In our case, it’s a Tr8*8 leadscrew with a 6.20mm root diameter, 1000mm long in a simple-simple bearing configuration. Therefore

N=(4.7610^6) (6.2/25.4)*1/(1000/25.4)^2=750RPM

Manufacturers recommend speeds between 60% (conservative) and 80% (aggressive) of critical speed. The aggressive value would be

0.8*750=600RPM

Multiplying with 8mm/rev lead:

600*8=4800mm/min

If you run at 9000mm/min you are 87.5% higher than the max recommendation, 50% higher than the critical speed.

The bottom line is everyone is free to experiment, and most of us have learned great lessons by breaking stuff. But, please do not encourage others to do so without some sort of warning or “at your own risk” note

How would the formula change for a tensioned acme rod with center support and both ends supported?

These factors have been already taken into account by selecting the “simple-simple” C value.

Here’s a visualization of all 4 values.

EndFixity.png444×521 42.3 KB

U seem knowledgeable. Lemme ask this. If the center support is a constant variable since it keeps moving how would that affect the resonant frequency?

Knowledge is endless, so I’m not . I just happened to research the topic when I needed to select ballscrew thickness and speed a few months ago.

The formula above (for more details see here, here, here) only considers the screw length between the bearings and not the position of the nut. The calculated speed will even excite the natural frequency of the screw in the reverse configuration (driving nut, driven screw).

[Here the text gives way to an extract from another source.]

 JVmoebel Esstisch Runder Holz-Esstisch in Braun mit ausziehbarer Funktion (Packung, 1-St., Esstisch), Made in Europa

My understanding is that the position of the nut (as well as the time spent at the critical speed) will affect the amount of the damage. If someone can shed more light here or is willing to perform any FEA, they are welcome.

In any case, lead and ballscrew manufacturers advise to stay at 80% of the critical speed or below to avoid premature wear or failure.

EDIT:
One more thing to consider. When you hit a guitar chord your left hand is an end stop. When you rotate a lead screw the nut is not. The whole length will rotate.

Another idea for more stationary lead screw.
Screw doesn’t turn, belt driving nut turns instead.
Might interest.

I’m trying to avoid belts completely.

He means “hawking.” Two words that are often confused.

Doing neither It’s already released for sale.

Agreed, back in the day , the kid who sold newspapers on the street corner was known as a street hawker. ( I did that myself for a summer job one year in my youth)

yeah but what about stephen hawking?

I’m not sure about his history as a salesman. Was a kid with big ideas, but…

The frequency component is the vibration. This is a acoustical vibration that will cause the metal to crack or fracture. The sound comes from the friction and as well as the stepper motor. (Steppers make a squealing noise when they are driven.) This frequency is then transferred to the metal. All metals are crystals and have resonant frequencies at which they can shake apart.
Use of a belt to drive the screw will help minimize the acoustical from the drive motor. You still will have friction based vibration. So pay attention to the studies Elias did on this.

This seems like the right place… would a tr12 lead screw be able to extend past the 1000mm mark?

A Tr12 has 8.5mm root diameter. So your critical speed at 1000mm length and simple-simple bearing configuration would be

(4.76*10^6) *(8.5/25.4) *1/(1000/25.4)^2=1028RPM

and your safe max speed would be

80%*1028=822RPM

Multiply this with your lead (mm/rev or in/rev) to find your safe max rapids (in mm/min or IPM).

One thing worth noting here is that depending on your power supply, drivers, motors, you might be able to reach this speed or your steppers might stall at a lower speed.

EDIT:

Do it yourself

Here’s an online calculator if someone wants to experiment with different lengths and thicknesses.

And here are a couple of tables for finding the root diameter needed for the calculation. Look for rod minor diameter. I usually take the max and then dial down from the critical speed. Use the min if you want to be more conservative.

http://www.amesweb.info/Screws/AcmeScrewNutThreadDimensions.aspx
http://www.amesweb.info/Screws/MetricTrapezoidalScrewThreads.aspx

Thank you. Is there a calculator that could help in determining max length of a screw?